Today, companies face mounting pressure to demonstrate both speed and agility in an ever-changing and increasingly competitive environment. Information technology is seen as a critical enabler in adjusting to market shifts and threats and increasing customer expectations while evolving and improving offered services. For an organization to improve its capability to change the underlying systems supporting it must also change, and generally at a much faster rate to connect the past, present, and predicted future coherently with some degree of continuity. While the business focuses on charting a course from one change point to another on a timeline of services and market evolution, the computing infrastructure, and hapless engineering teams must deal with the only thing worst than change itself, and that is the transition period each of these points, moving from a discrete view of the world to one that is continuous and complicated. Not to worry, engineers believe they have everything pretty much figured out – make smaller changes but faster, much like a pilot in a fighter plane using the OODA loop to get within the loop of the enemy. Here the opponent is the business and engineering is proactively maneuvering and anticipating re-orientations as well as dictating the engagement. That is until the question is raised – how to observe and orient with an ever-growing big pile of low-level data hooked up to a bunch of dashboards.
The OODA loop places emphasis on two critical factors within an environment – time constraints and information uncertainty. The time factor is addressed by executing through the loop as fast as possible. Information uncertainty is tackled by acting accurately. The typical presentation of the model depicted below is popular because it closes the loop between sensing (observe and orient) and acting (decide and act). In the Observe phase, the focus is on data acquisition and information synthesis about the environment and the unfolding situation and interactions. The goal of the Orient phase, which follows the Observe phase, is to make sense of collected observations from an operational viewpoint. This understanding of the situation and potential scenarios that may follow on from this point in time is highly dependent on the level of expertise and experience of observers – situation assessors and decision-makers. The next step in the process is the Decide phase, in which information fed from the Orient phase determines the appropriate action(s). Finally, the Act phase is where the course of action decided upon earlier is implemented. The cycle repeats with further observations.
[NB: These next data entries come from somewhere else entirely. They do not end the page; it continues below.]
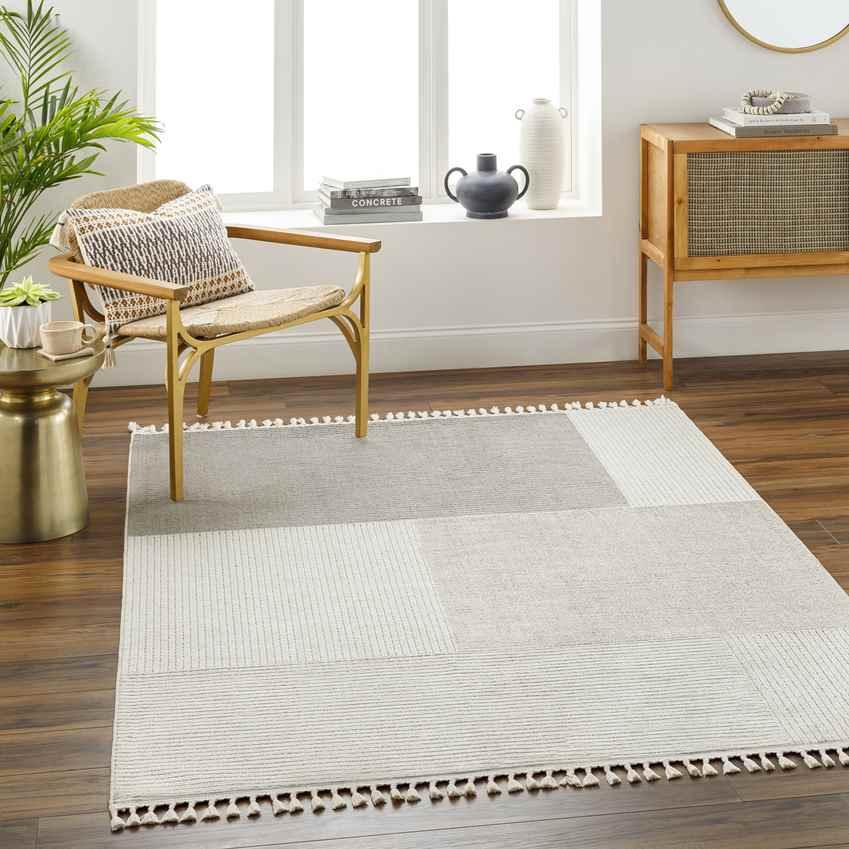 Abena Modern Ivory/Dark Brown Area Rug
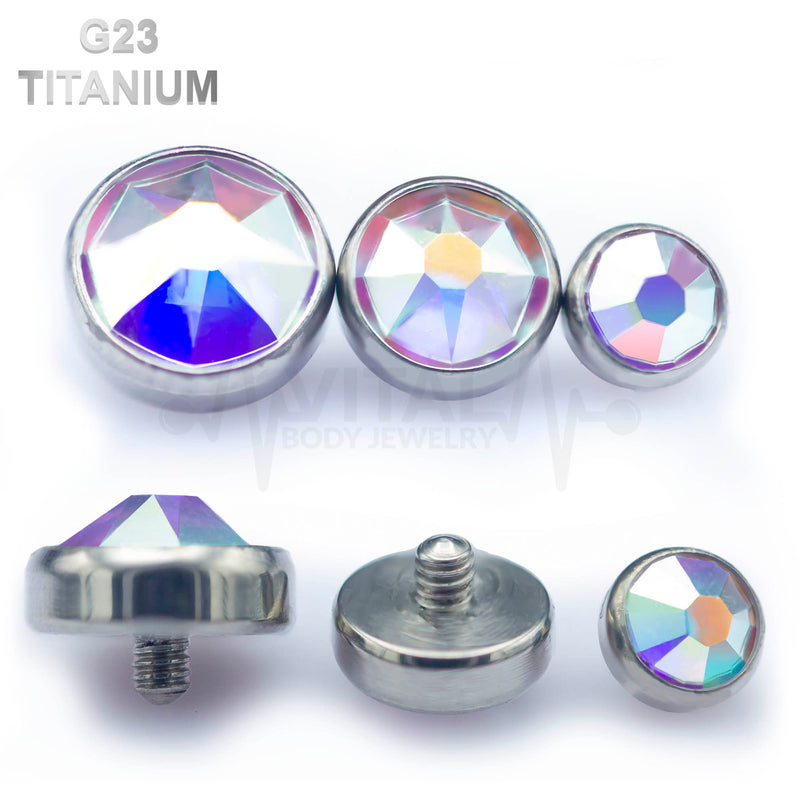 14G titanium dermal anchor top with colorful gem options and internally threaded design for secure fit and comfort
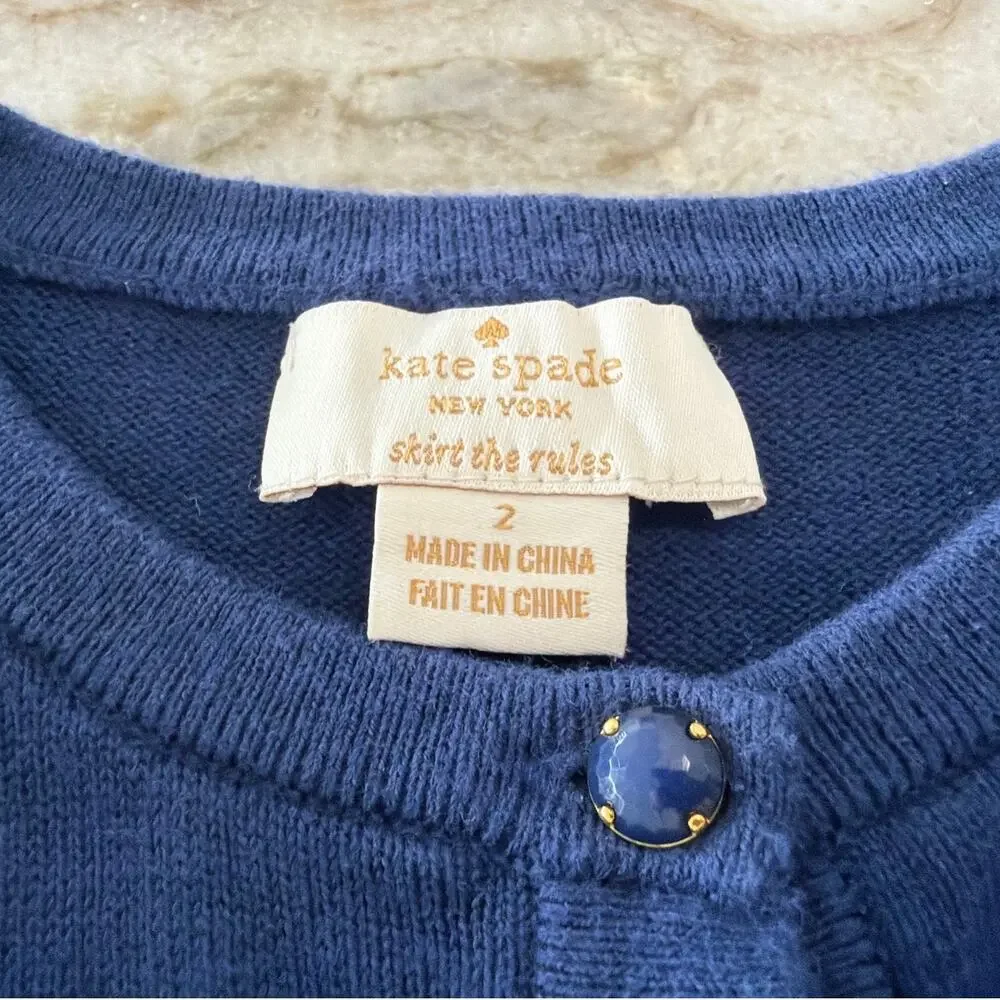 Kate Spade New York Girls Cardigan, Toddler Size 2, Royal Blue Ruffle Sweater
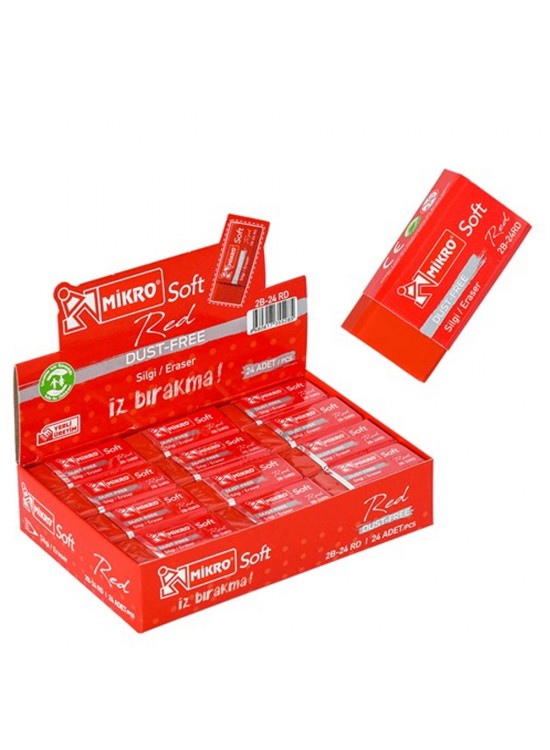 Mikro Silgi Soft Kırmızı 2B-24RD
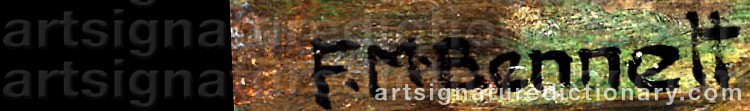 Authentic signature by Frank Moss BENNETT on  artwork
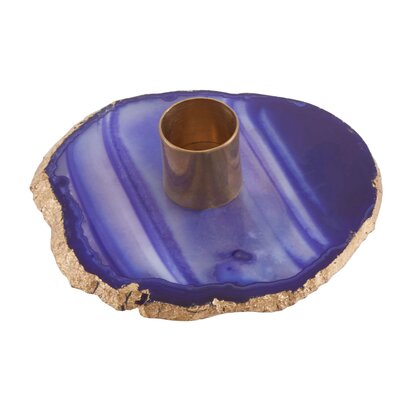 Alonhurst Agata Blue And Gold Candle Holder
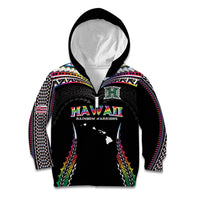 Custom Hawaii Rainbow Warriors Kid Hoodie Polynesian Motif Special Edition Rainbow Gradient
However, there are problems with the OODA model. It does not detail how later phases steer and influence, more specifically, self-regulate, earlier phases, and vice versa – invariably, it is seen and described as sequential without the ability to exit prematurely and then to re-enter. It also omits attention and memory and the cognitive representation of world states and models. It also lacks any deliberate planning and learning phases. The OODA model is broad in its description of the decision-making process and other than listing some of the factors pertinent to the Orient phase, it offers very little in the way of how to implement it. Mindless looping.
The OODA model’s biggest issue is that it does not capture the encompassing goal and objectives, making the loop very reactive rather than proactive. The model appeals to one of the worst trends within software engineering and services operations – big data addiction. Here effective operations management and the decision-making it entails are seen as merely a problem of insufficient data collection and information construction. Unfortunately, expanding the capacity to transmit more and more data to the cloud has not improved situation awareness; in fact, it seems to have made it more difficult, if not impossible. It’s not just simple; it’s simplistic.
OODA and Big Data do not reflect much of how human perception and cognition work to direct attention and interpret sensor signals. OODA, and much of the work currently ongoing in the Observability space, incorrectly assume engineering is principally passively reacting to environmental-sourced events – this is never more so exemplified in the design of data-ladened monitoring dashboards.
Successful service operations and management in dynamic environments enclosing highly complex systems depends on maintaining a focus on clear goals at various levels of composition and planning how to achieve and maintain them. To some degree, OODA and Big Data approach human-and-machine cognition with a simplistic, mechanistic, and data-centric viewpoint, completely ignorant of situations and scenes, intentions and inferences, signals and sequences services and states – devoid of patterns and models that could help to more effectively direct both humans and computer attention in assessing current conditions, predicting future events, and tracking the results of scripted and curated system interventions. Data, data everywhere, and not a situation to be recognized.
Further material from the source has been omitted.